Monetary Policy Lower Bounds

I will probably publish a much longer post after I edit out some of the rudeness.  This isn’t just convention season it is also Jackson Hole Monetary Conference season.  There is quite a lot of discussion of forward guidance, that is public statements about monetary policy in the medium distant future.  Many pages of it are in this paper by Michael Woodford. 

I will use the phrase as he does to refer to guidance regarding future safe overnight rates (the federal funds rate for the USA). He treats the direct effects of massive asset purchases separately.   Here I will pretend that the only thing the FOMC does is target the federal funds rate, so forward guidance means statements about what the target will be a few years from now.  I will assume that the Fed surely can’t precommit beyond Bernanke’s current term that is roughly beyond the next 5 years.  The guidance can be conditional.  It could be that the target rate will be below 0.25% until nominal GDP is within 1% of the pre-2007 trend (with a published estimate of the trend for precision).

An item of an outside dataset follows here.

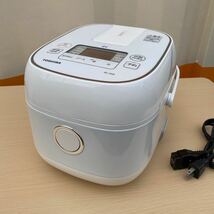 TOSHIBA IHジャー炊飯器 3合炊　RC-5XN ホワイト　動作確認済　中古品_画像3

The point of forward guidance is that even if the monetary authority can’t drive current short term nominal rates significantly lower (since they are already essentially zero) it can cause lower expected future short term rates.  The aim could be to cause increased mid term expected inflation.

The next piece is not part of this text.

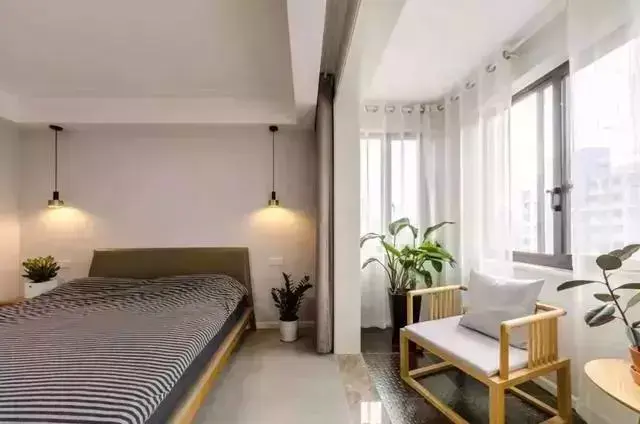 越来越多人都不在阳台晒衣服了,现在流行这样装,妥妥多出一间房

The problem is that there is a zero lower bound for expected future interest rates.  Given my assumptions, all effects of forward guidance should show up in the 5 year constant maturity treasury interest rate series.  I note that bond traders pay obsessive attention to everything FOMC members say and it is very possible that the guidance will influence their beliefs, but not those of home builders, potential home buyers or even mortgage loan officers.

The current Treasury 5 year rate is 0.66% .  I think the outer limit of possible forward guidance would be to lower it by about 0.5%.  This, it seems to me, is not a big enough deal to justify the huge spillage of ink and killage of trees.  Things were very different fro mid 2009 through early 2010 when the rate was well over 2%.   It is obviously impossible to achieve so large a further reduction given the lower bound.  Yet advocates of forward guidance criticize the FOMCs effort.  They really couldn’t achieve as much again as has happened already (which past decline might not be due to forward guidance).

Another way to look at it is to try to guess about expected short term rates given the medium term rate (5 years as the limit of conceivably credible pre-commitment).  A way to summarize the information is to imagine a forecast of 0 until t then normal short term rates from then on.  The normal rate must be over 2% — no one can imagine policy setting interest rates below the target inflation rate indefinitely.  The yield curve slopes up (on average) although there is no decade long upward trend in short rates, so it is normal to assume a risk premium in 5 year rates.  Set it to zero.
Conveniently with miniscule interest rates over short periods of time compounding is almost exactly summing.  So the duration of the period of 2% in the next 5 years in the just to summarize calculation is 2% is 0.66*5/2 = 20 months.  The duration of the period of expected 0 rates is 3 years and 4 months.  Bond traders seem to expect essentially zero short term rates through December 2015.

Importantly the FOMC predicts (not promises predicts) extremely low rates through 2014.  It seems to me that bond traders take their prediction as a promise and then add a year. I don’t see how a cross my heart and hope to die and if I break my world all may know I am no gentleman promise could work any better.